• _WORK ITEM_: Count how many lines in the data below include "about". Answer with the number only.

• _ENTRIES PROVIDED_:
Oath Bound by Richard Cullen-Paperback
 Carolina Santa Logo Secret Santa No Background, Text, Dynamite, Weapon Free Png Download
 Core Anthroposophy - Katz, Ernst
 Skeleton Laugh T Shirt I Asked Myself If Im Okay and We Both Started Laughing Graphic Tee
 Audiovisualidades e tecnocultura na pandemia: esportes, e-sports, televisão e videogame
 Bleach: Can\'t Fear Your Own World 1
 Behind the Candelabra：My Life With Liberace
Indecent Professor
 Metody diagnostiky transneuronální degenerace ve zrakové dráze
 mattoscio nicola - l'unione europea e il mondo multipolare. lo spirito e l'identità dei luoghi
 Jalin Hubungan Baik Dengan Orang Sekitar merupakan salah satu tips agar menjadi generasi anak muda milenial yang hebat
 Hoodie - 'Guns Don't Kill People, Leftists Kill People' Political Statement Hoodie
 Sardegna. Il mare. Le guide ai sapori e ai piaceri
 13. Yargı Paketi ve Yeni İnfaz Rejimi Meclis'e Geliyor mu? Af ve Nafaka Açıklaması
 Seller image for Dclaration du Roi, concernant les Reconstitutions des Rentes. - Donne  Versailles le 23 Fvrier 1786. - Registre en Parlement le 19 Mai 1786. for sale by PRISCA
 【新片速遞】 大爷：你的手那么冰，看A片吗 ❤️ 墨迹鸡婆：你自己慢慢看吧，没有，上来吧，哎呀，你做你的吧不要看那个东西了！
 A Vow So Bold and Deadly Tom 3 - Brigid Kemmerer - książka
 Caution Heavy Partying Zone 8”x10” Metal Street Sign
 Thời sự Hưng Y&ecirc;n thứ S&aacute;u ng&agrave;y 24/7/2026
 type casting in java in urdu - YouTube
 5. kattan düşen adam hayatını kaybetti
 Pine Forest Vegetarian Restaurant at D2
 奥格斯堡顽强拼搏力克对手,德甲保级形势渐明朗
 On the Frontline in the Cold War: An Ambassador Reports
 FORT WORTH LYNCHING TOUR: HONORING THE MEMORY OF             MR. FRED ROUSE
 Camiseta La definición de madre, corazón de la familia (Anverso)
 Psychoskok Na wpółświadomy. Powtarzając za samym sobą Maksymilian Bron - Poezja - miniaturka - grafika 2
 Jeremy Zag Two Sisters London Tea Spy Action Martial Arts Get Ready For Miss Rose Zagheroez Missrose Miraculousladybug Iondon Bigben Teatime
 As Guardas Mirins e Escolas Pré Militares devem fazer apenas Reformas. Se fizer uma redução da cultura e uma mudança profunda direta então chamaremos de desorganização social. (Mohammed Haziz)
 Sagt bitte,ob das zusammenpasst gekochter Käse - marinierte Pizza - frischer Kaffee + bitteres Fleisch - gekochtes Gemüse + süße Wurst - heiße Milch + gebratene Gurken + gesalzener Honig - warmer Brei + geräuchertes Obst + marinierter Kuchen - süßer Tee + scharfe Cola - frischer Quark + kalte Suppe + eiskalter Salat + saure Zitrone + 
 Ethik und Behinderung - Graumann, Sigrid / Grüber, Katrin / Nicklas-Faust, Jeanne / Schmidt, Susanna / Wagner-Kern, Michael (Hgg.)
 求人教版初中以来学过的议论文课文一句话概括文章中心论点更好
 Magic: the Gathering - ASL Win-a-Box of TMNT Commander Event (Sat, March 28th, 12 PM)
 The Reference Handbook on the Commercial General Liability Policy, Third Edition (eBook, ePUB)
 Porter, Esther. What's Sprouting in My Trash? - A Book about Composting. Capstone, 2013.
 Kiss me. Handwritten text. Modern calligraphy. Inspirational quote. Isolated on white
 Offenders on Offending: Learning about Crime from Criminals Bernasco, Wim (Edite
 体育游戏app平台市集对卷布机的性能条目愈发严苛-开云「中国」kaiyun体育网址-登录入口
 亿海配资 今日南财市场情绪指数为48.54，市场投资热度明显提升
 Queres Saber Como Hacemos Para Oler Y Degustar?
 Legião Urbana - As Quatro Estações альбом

• _WORKED SOLUTION_: 2